FRANKFORT, Ky. (7/8/13) – U.S. Rep. Ed Whitfield (KY-01), Chairman of the House Subcommittee on Energy and Power, today introduced the Caring for Coal Miners Act. The legislation, co-sponsored by Rep. David McKinley (R – WV) and Rep. Shelley Moore Capito (R – WV), ensures continued health care coverage for miners in danger of losing their benefits resulting from the bankruptcy of Patriot Coal Company.
“It is critical that we protect the health care benefits of the thousands of Kentucky miners who have worked hard their entire careers to earn those benefits,” stated Whitfield. “That is why I have introduced the Caring for Coal Miners Act to ensure that the hardworking miners who took to the mines day in and day out don’t lose the health care that they have rightfully earned.”
“I have met with retirees from West Virginia, and I hear their concerns,” said Congresswoman Capito. “It is important that as we continue to address the complicated issues that resulted from the bankruptcy of Patriot Coal Company that we find the best solutions moving forward. The Caring for Coal Miners Act ensures continued health care coverage for the retirees who are in danger of losing their benefits. It is also an important step forward in protecting the benefits that were promised to hardworking miners in states like West Virginia and Kentucky.”

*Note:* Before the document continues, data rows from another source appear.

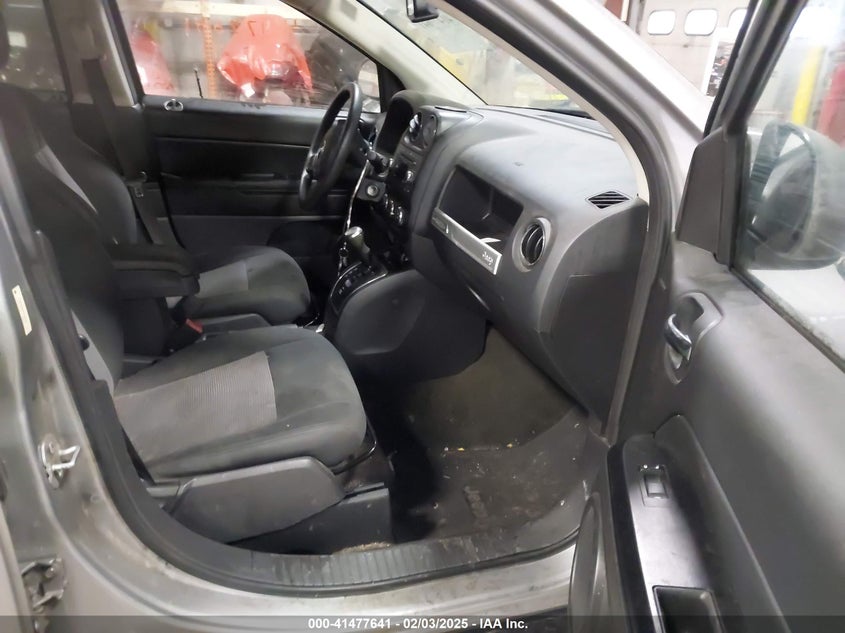 2016 JEEP COMPASS SPORT - 1C4NJDBBXGD556392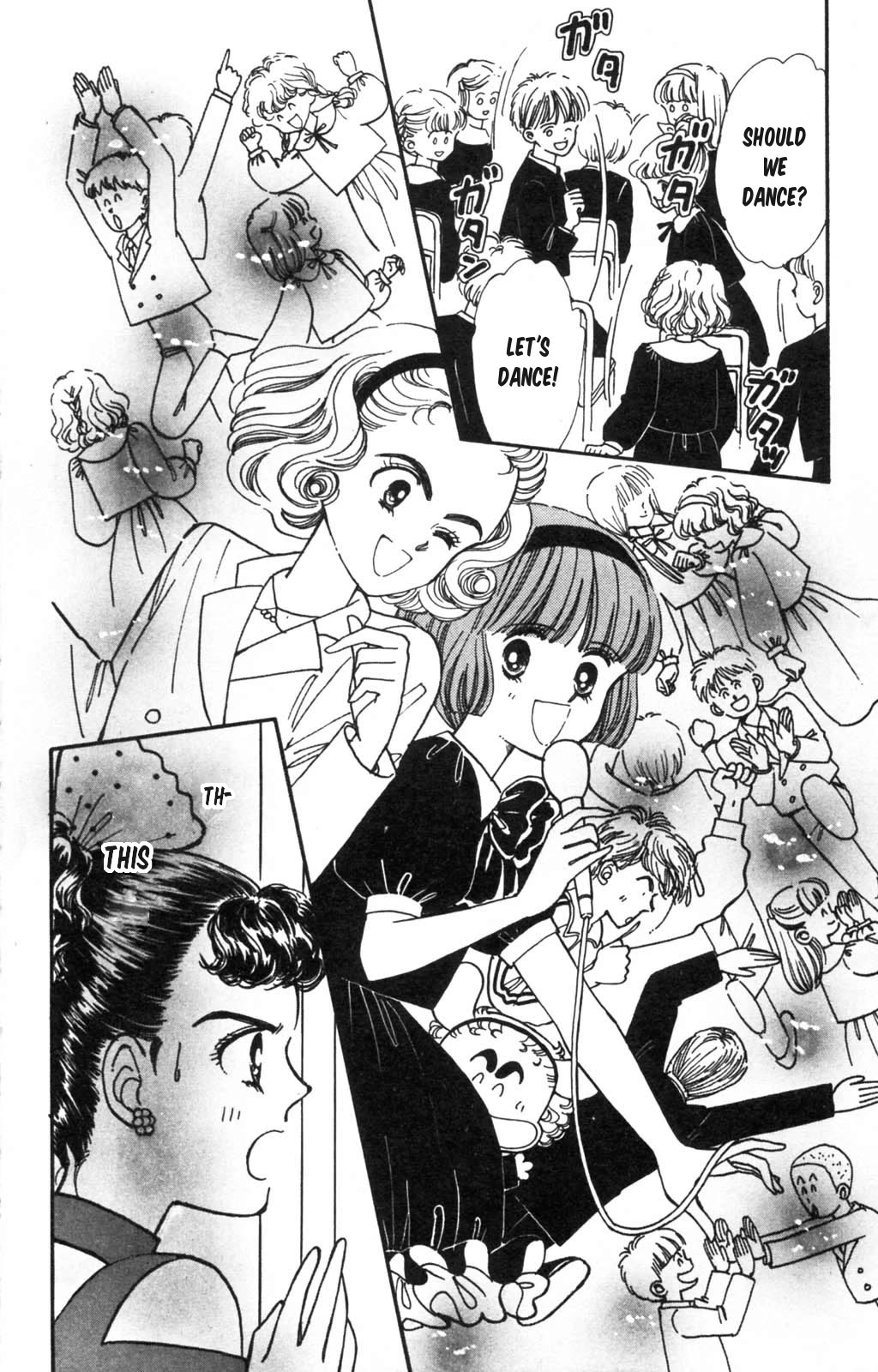 Tokimeki Tonight Chapter 99 page 11 - Chapter 99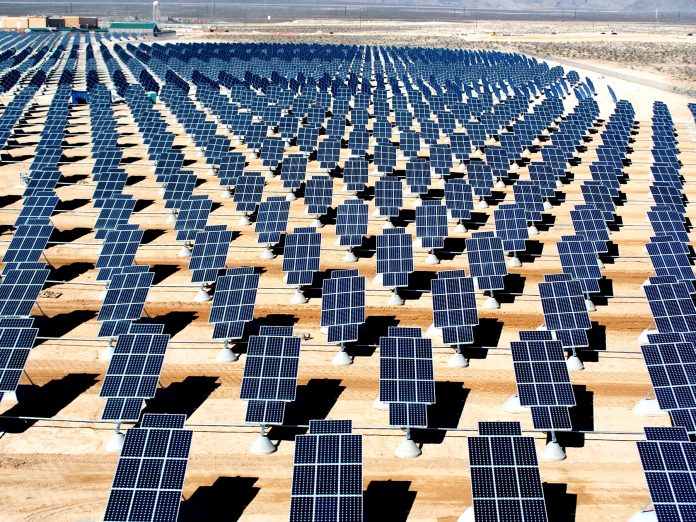solar power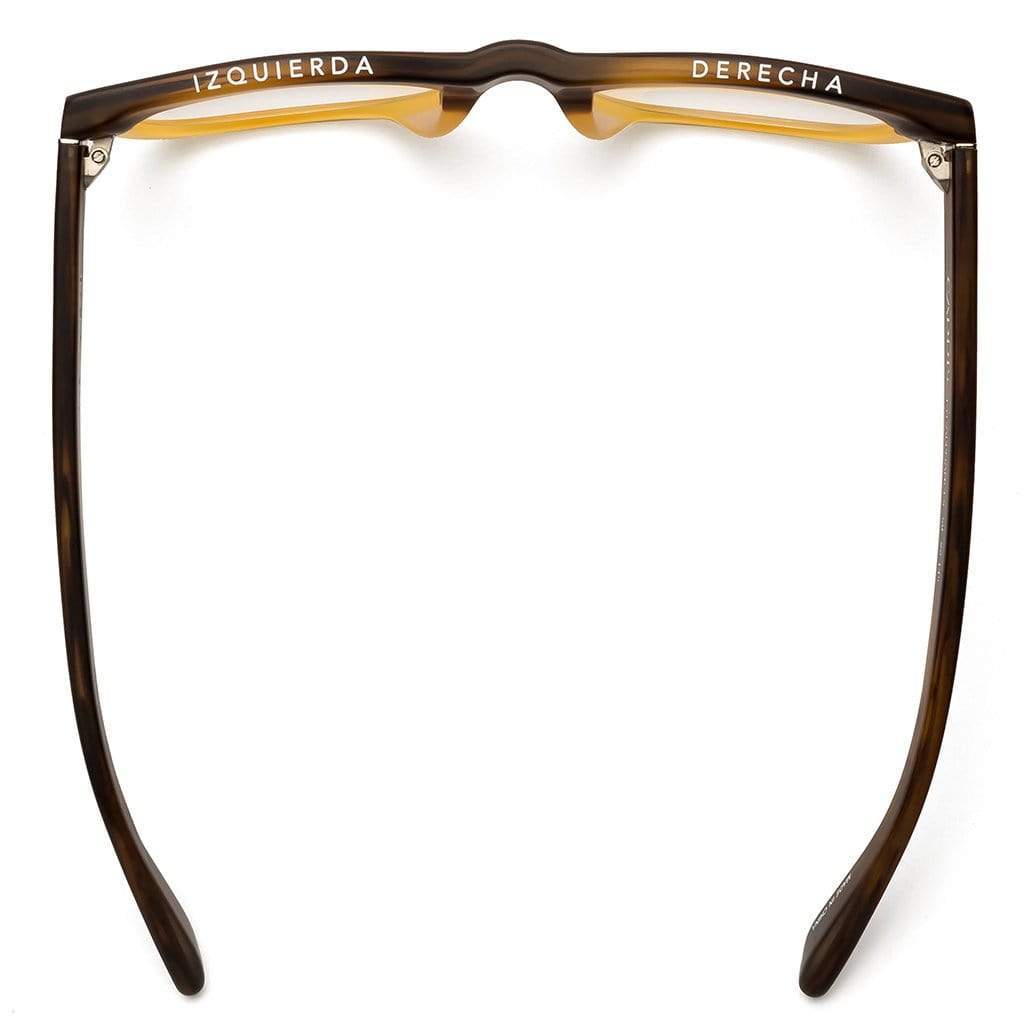 Caddis D28 Readers Sunglasses Bullet Coffee Garmentory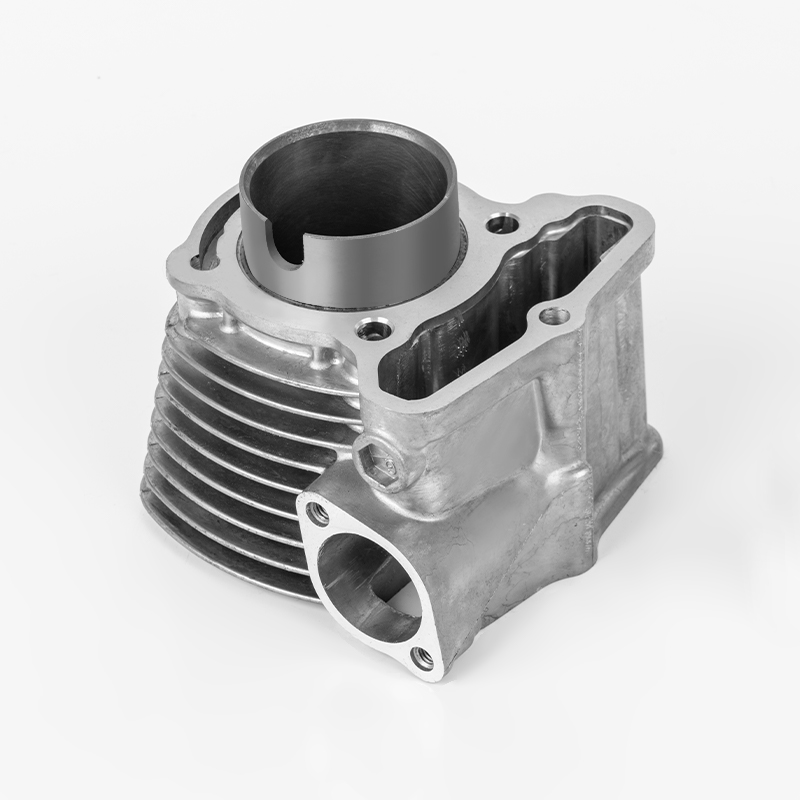 KOJ (Φ47) อะลูมินัมอัลลอย ชิ้นส่วนกระบอกสูบรถจักรยานยนต์ฮอนด้า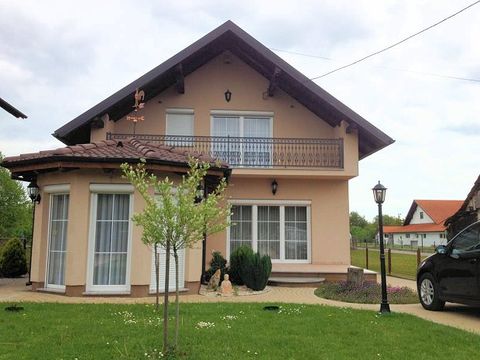 Maison individuelle dans Zagreb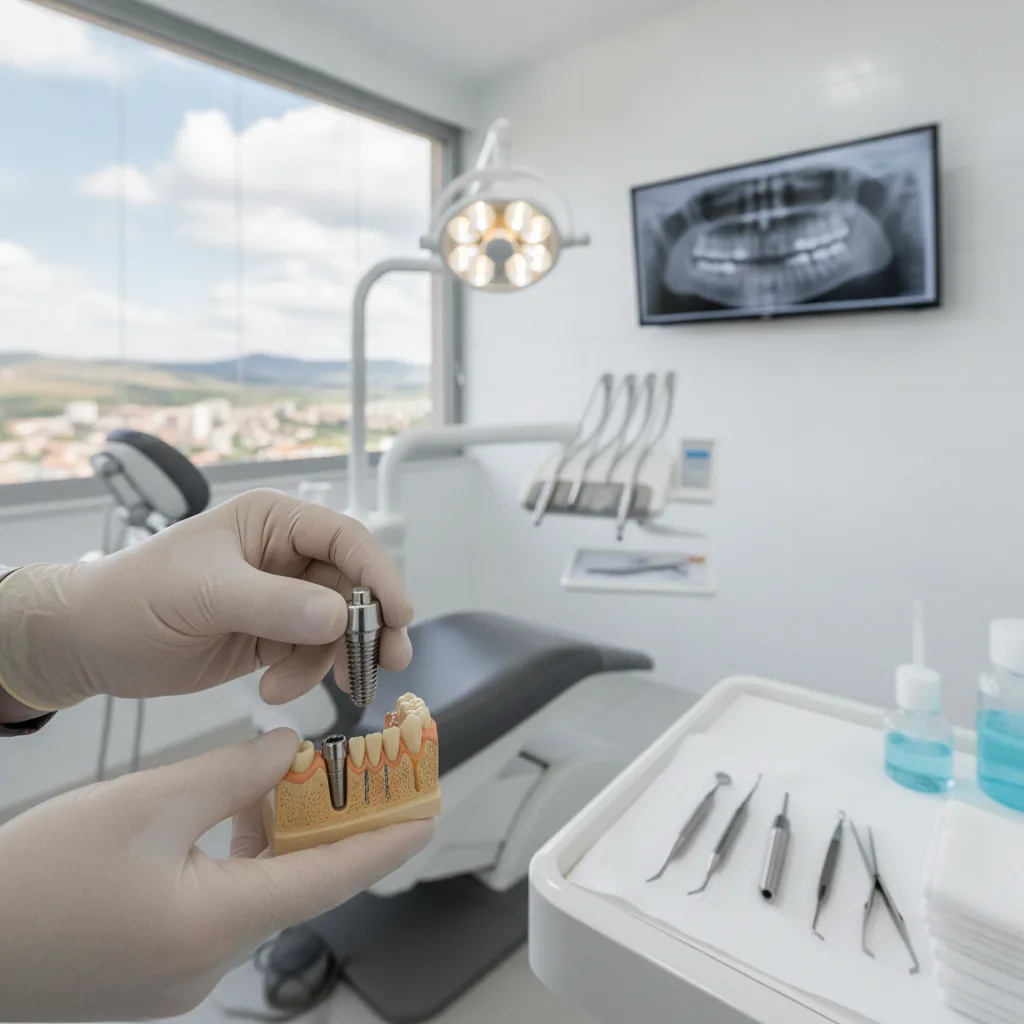 Implante Dentário Pode Cair em Bento Gonçalves? Saiba Tudo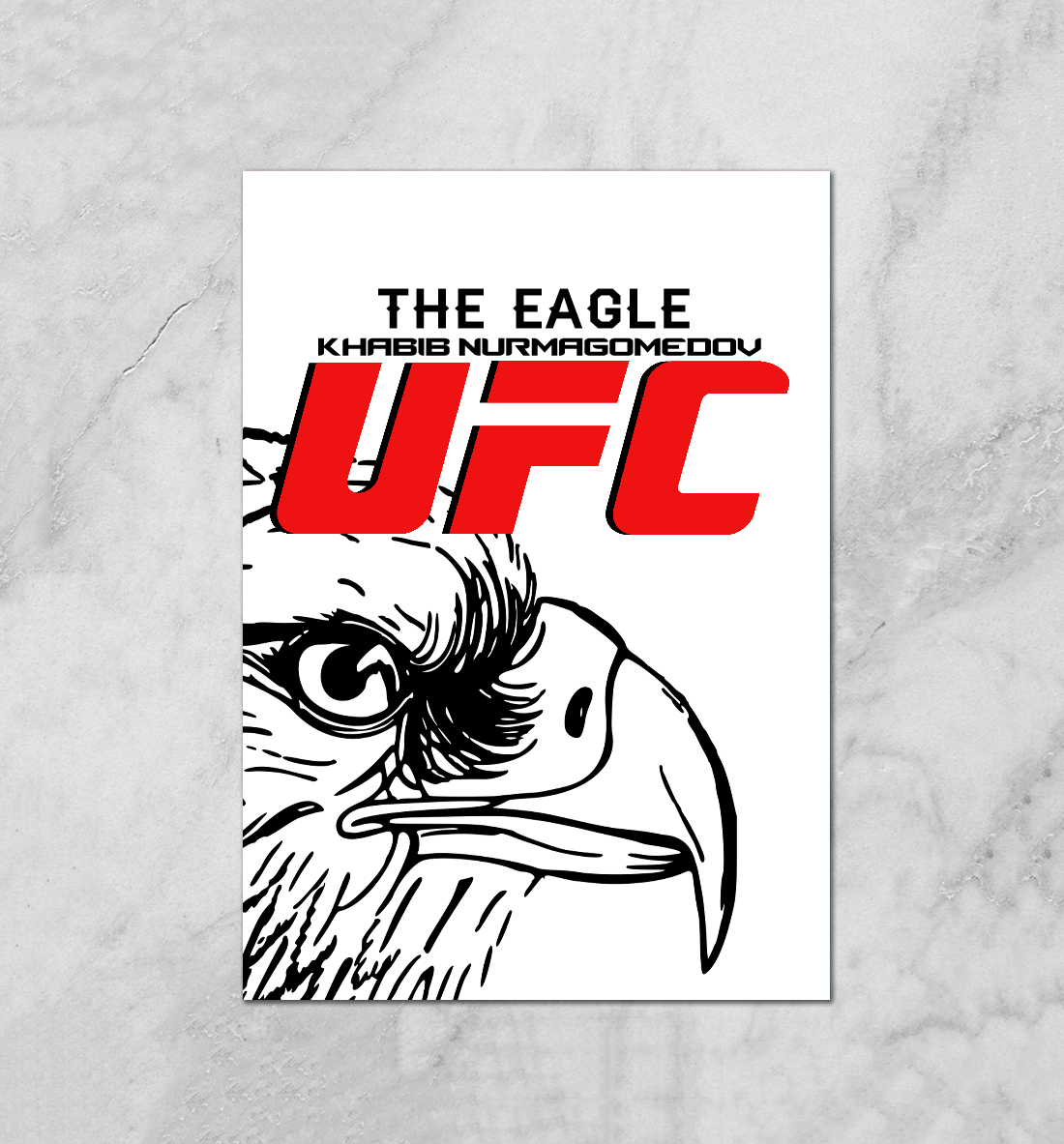 

Khabib Nurmagomedov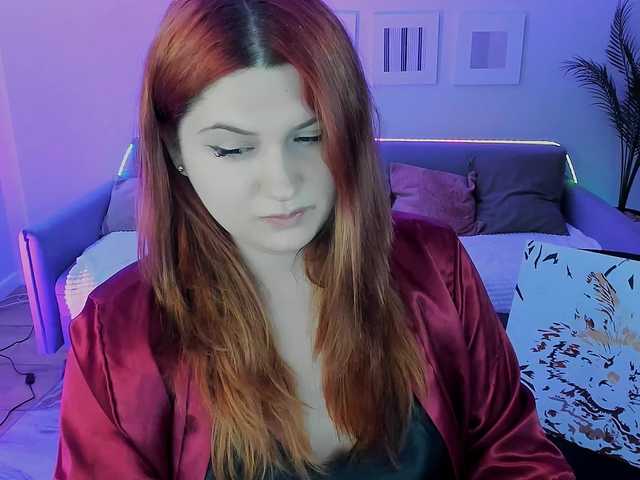 Milenafiery live cam on BongaCams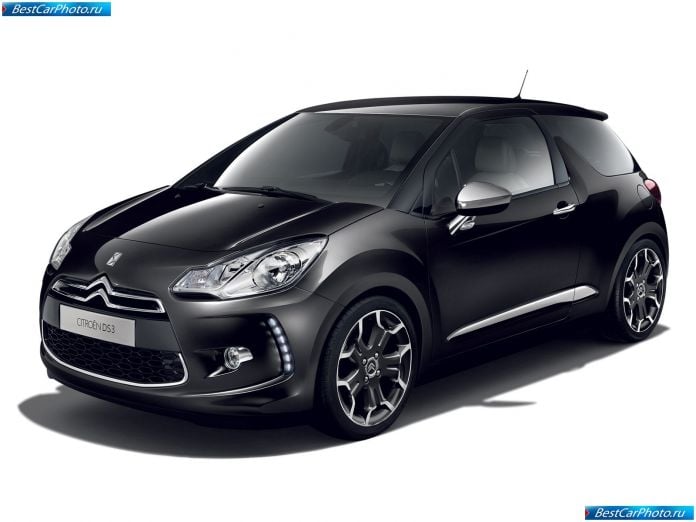 2011 Citroen Ds3 - фотография 67 из 108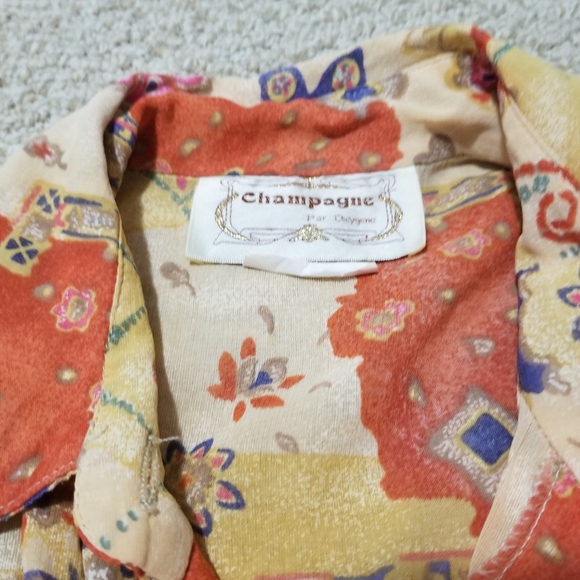 Vintage Skirt Set - Picture 4 of 6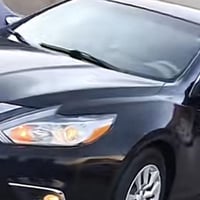 التيما 2017 الضرر قطعتين بدون دواخل   مواصفات SV بصمه  كامره  حساسات  ...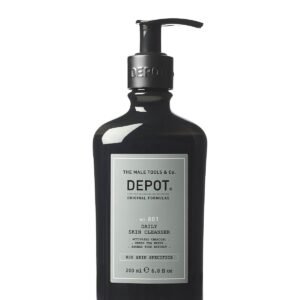 No.801 Daily Skin Cleanser 200Ml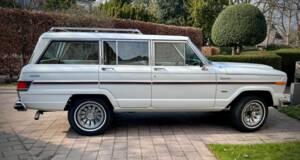 Image 6/50 of Jeep Wagoneer Brougham (1982)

According to Whitfield, the Chapter 11 bankruptcy protection that Patriot filed in July 2012 may impact the health care benefits of roughly 1,500 people and their families in Whitfield’s district. They claim that they will not be able to emerge from bankruptcy without significant changes to retiree health care obligations. As a result, a bankruptcy court recently ruled that Patriot Coal is authorized to transition retirees into a Voluntary Employee Beneficiary Association (VEBA).
There is uncertainty regarding the solvency and availability of the VEBA due to the United Mine Workers of America (UMWA) recent appeal of the court’s ruling. Whitfield’s legislation addresses this issue by making miners in danger of losing their health care benefits due to Patriot Coal’s bankruptcy eligible for UMWA’s 1993 Benefit Plan.
In early June, Whitfield introduced a discussion draft to begin the process of formally introducing the Caring for Coal Miners Act. Whitfield acknowledges that there are challenges with retirees’ pensions, but the most immediate concern is the availability of health care benefits, which is why he is taking this immediate step.
“Protecting the health care benefits is just the first step in what may very well amount to a multifaceted process,” concluded Whitfield.